Defying expectations and offering courageous, surprising, pure, extreme, heartfelt, and sometimes even beautiful expressions are some of the things we count on artists to do. The fact that Low was able to do them all in one 27-minute set at Rock the Garden I found remarkable. Others apparently weren’t so thrilled with the extended version of the band’s 1996 song “Do You Know How to Waltz?”: Angry tweets and blog posts appeared, and before the band had even arrived back home in Duluth, Low’s Alan Sparhawk was on the phone doing an interview about the set. (Listen to Low’s Saturday performance and tell me you can’t find dark, redemptive beauty there.) I guess the kind of riots that erupted in Paris after Stravinsky’s premiere of The Rite of Spring in 1913 now happen online.

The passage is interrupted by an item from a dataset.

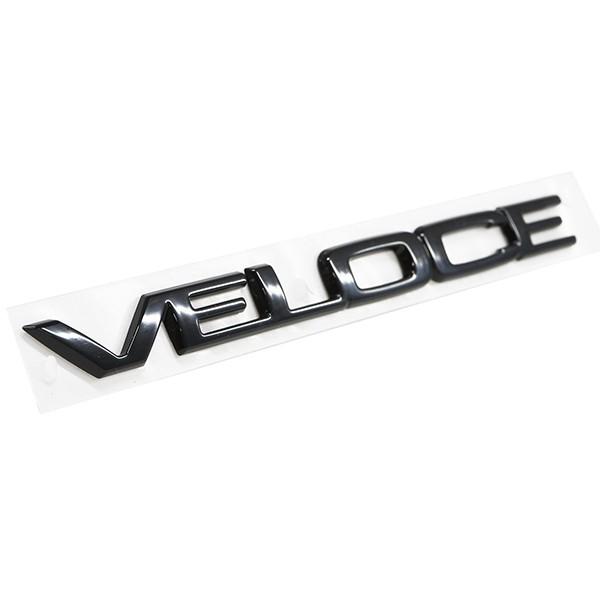 アルファロメオ（ALFA ROMEO） アルファロメオ純正 VELOCEロゴ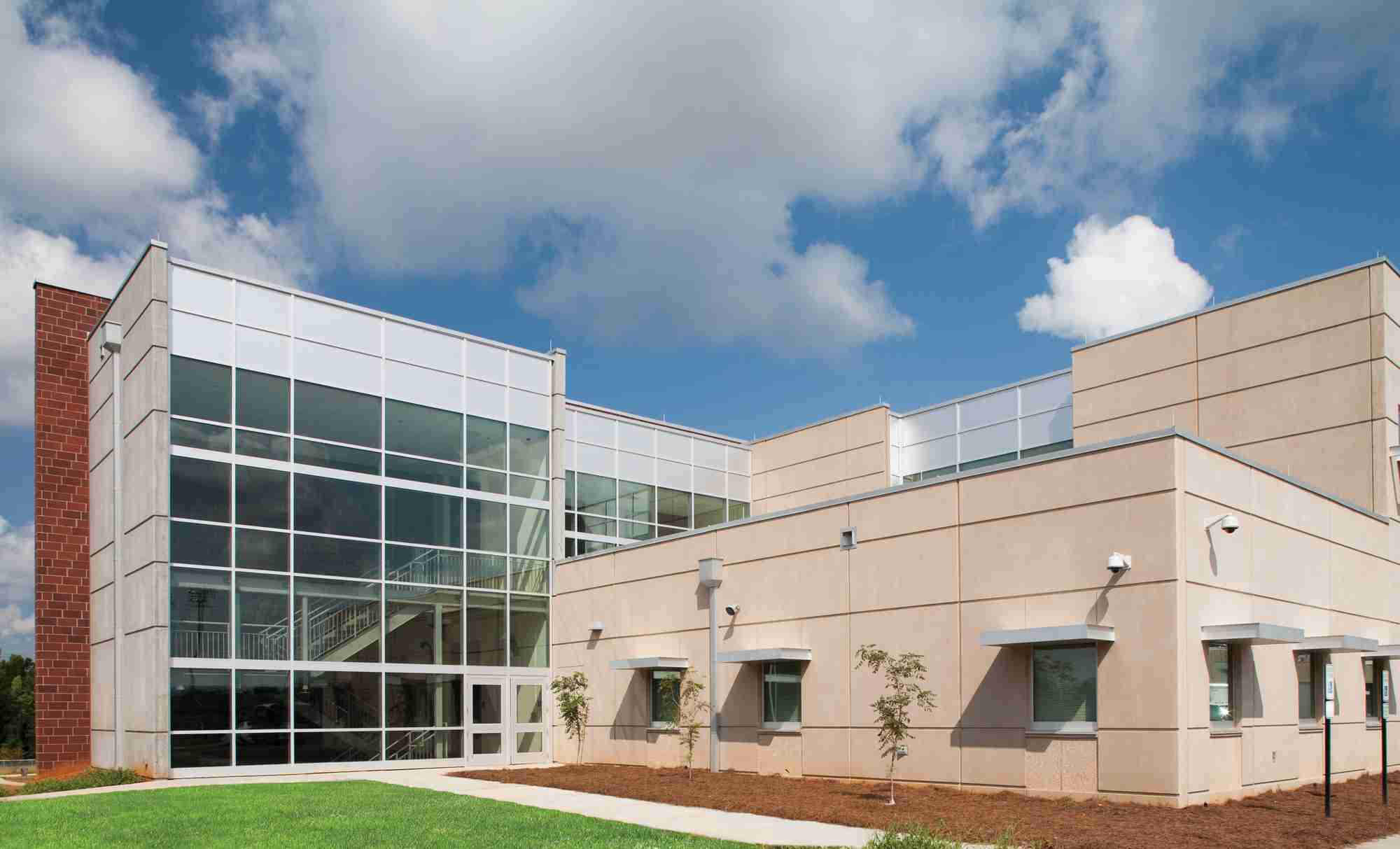Ardrey Kell High School Tindall Corporation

Rock and roll long ago transitioned from solely entertainment into an art form, one that often serves as a wake-up call to boot. When Low walked on stage, the deluge had just passed, dark clouds were still hanging low but beginning to break, and wet, straggling fans were finding their way back from the underground onto the wet field. At that moment, their decision to play an extended version of “Do You Know How to Waltz?” felt inspired — one that fit the unsettled day and our unsettled times. How does a band better create a transition from Dan Deacon’s equally memorable underground parking lot digital throw-down to what would surely be more song-based, hits-oriented, high energy music coming later in the day?

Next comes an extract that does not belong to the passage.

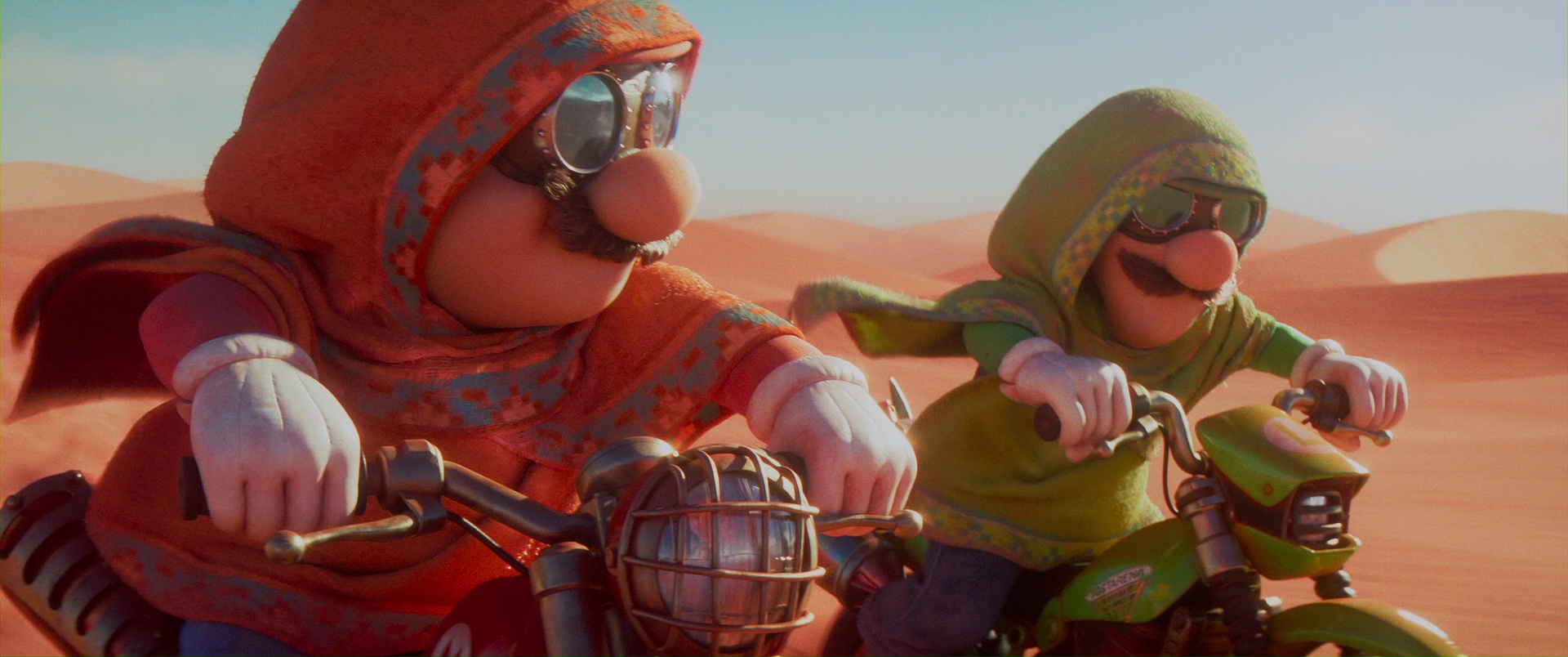 Download The Super Mario Galaxy Movie 2026 English HDRip Full Movie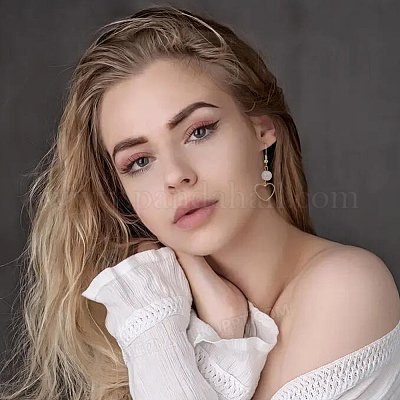 Латунные подвески KK-HY0001-45-1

Of course, strong artistic statements inevitably spark strong counter-responses, especially when presented to large, unsuspecting audiences. To my mind, Low’s set was one of the most exciting moments in Rock the Garden history. Yes, it served as a jolt to some listeners who had expected something different. It introduced noise, distortion, and drone in an artful, low-keyed, actually rather peaceful manner — cascading, swelling layers of sound, floating electronic harmonics, and patience-inducing stoppage of time. Low chose to place themselves in the company of sonic renegades from rock’s history: Hendrix, John Cale, Lou Reed, Brian Eno, Godspeed You Black Emperor, Sunn O)))), Patti Smith, Sonic Youth, and dozens of others, including some of today’s most popular rock artists — Neil Young, Wilco, and Radiohead, to name a few. They opened a dialogue with the avant-classical side of the aisle as well, represented by artists/musicians familiar to Walker visitors: Yves Klein, John Cage, La Monte Young, Tony Conrad, Philip Glass, Yoko Ono, Rhys Chatham, even Tim Hecker. The success of Rock the Garden has for some time brought commercial and broad-based expectations of accessibility to an event never intended to exclusively carry such, certainly not with all or even most of its chosen bands.
The Walker and The Current both strive for diversity and innovation in the RTG lineup. The event grew out of a 50-year old Performing Arts program at the Walker dedicated to new sounds, new movements, and new forms of theater and interdisciplinary art, where traits like innovation and audacity rank high. Equally, on the radio, The Current has helped open up the airwaves, forging a new model for public radio nationally, actively supporting independent artists from Minnesota’s strong rock scene and far beyond. While I find some of the angry, closed-minded online responses to Low’s set dispiriting, I remain thrilled with the debate that ensued — seeing directly what the power of art, in this instance a strongly made musical statement, can evoke. Low’s set is in line with both Rock the Garden’s roots and its ongoing efforts to champion innovators like tUnEyArDs, Yeasayer, Bon Iver (then an unknown with a brand new sound), Howler, Andrew Bird, The Bad Plus, Retribution Gospel Choir (Alan Sparhawk’s last RTG appearance), and Calexico, all Rock the Garden performers in recent years.
Witnessing Low’s set Saturday, I admit to my own initial confusion, which melted quickly into gratitude and then awe as the piece unfolded. So much so that when the set ended I rushed backstage to give Steve, Mimi, and Alan my thanks and my well wishes before anyone else could reach them, wanting to counter in advance any unhappiness or criticism I assumed — correctly, it turns out — was likely to follow.
Philip Bither is the Walker’s Senior Curator of Performing Arts.